Chicken-Fried News: That's alotta coke!

How much cocaine can you fit in the nose of a commercial aircraft?

It’s one of the age-old questions of life, right along with “Why are we here?” (see “Legislative Darwinism") and “How many licks does it take to get the Tootsie Roll center of a Tootsie Pop?” (Purdue University researchers say 364.)

The first question was answered by an American Airlines employee in Tulsa when they stumbled on what appeared to be a brick of cocaine, Tulsa World reported.

The employee, along with other American Airlines maintenance crewmembers, found seven bricks of cocaine in the nose of a Boeing 747 at Tulsa International Airport. Each was covered with wheel grease, which the Tulsa County Sheriff’s Office believed was used to mask the drug’s scent from dogs. Law enforcement estimated the cocaine had a minimum street value of $200,000, and some sources estimated its value at more than twice that.

Now that we know how much coke fits in the nose of a plane, we have to ask, “Where do babies come from?”

Whoops!

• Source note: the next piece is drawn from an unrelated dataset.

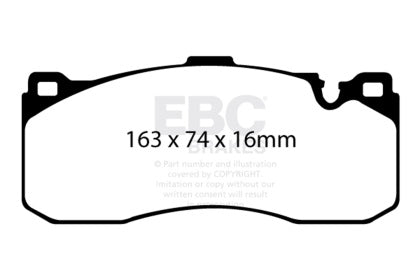 [GARAGE SALE] - EBC 08-10 BMW 135 3.0 Twin Turbo Redstuff Front Brake Pads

Nope. Sorry; wrong question. What we meant to ask was, “Where did the drugs come from?”

That’s what agents from the U.S. Drug Enforcement Administration office in Miami were assigned to find out. The airliner recently flew from Bogotá, Colombia to Miami, Florida, where the aircraft was flagged for maintenance and sent to a maintenance hub in Tulsa, where workers discovered the blanca.

Considering Colombia is known for DIY cocaine-making classes and the country has surpassed Peru as the world’s top exporter of the drug (an 8.5-ton bust in May was the largest in Colombian history), us hard-nosed investigative journalists at Chicken-Fried News think Miami might not need a weatherman (or DEA agent) to know which way the snow blows.